++++ DATASET CONTENT ++++

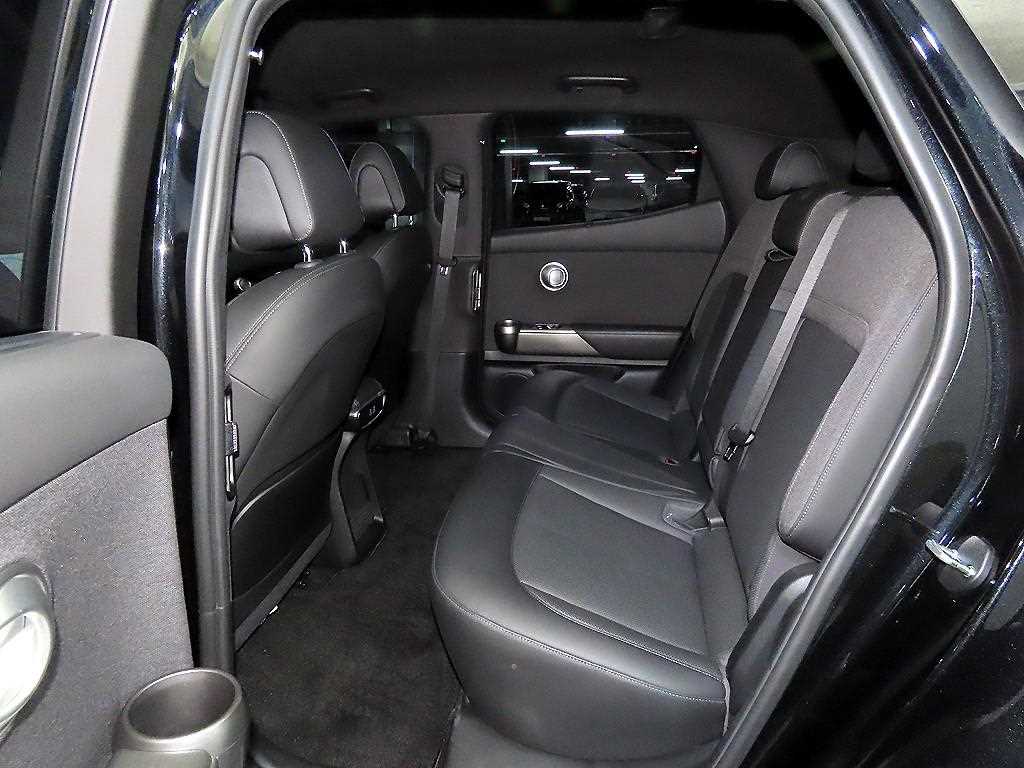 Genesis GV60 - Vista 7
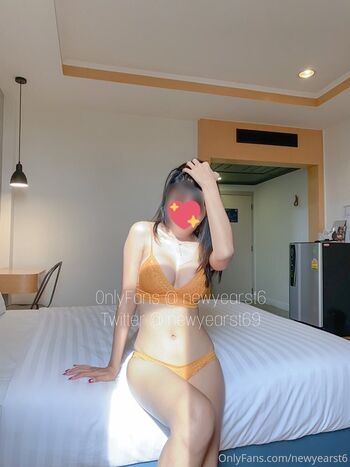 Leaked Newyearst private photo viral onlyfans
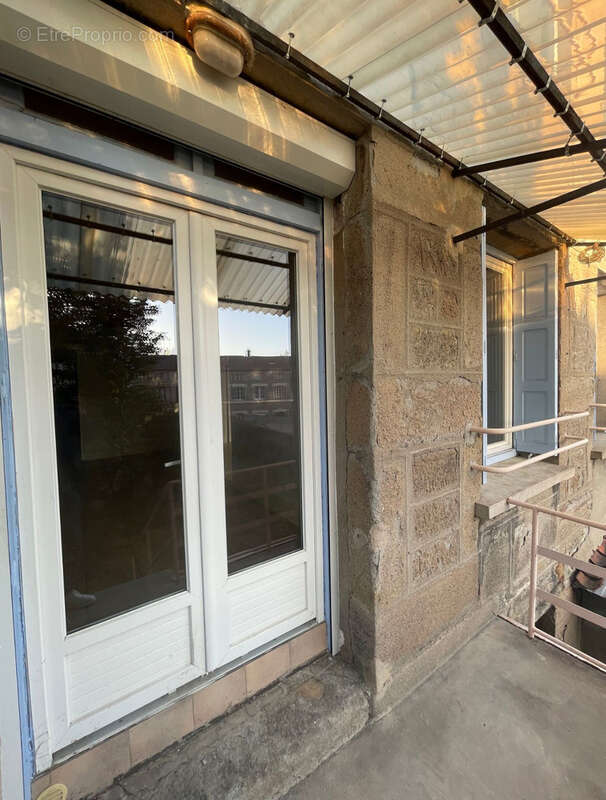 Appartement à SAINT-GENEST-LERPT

++++

» **WHAT NEEDS TO BE DONE**
Each line of the data above should be reproduced without alteration, and no picture should appear in the copy.

» **ANSWER SPACE**
 Genesis GV60 - Vista 7
 Leaked Newyearst private photo viral onlyfans
 Appartement à SAINT-GENEST-LERPT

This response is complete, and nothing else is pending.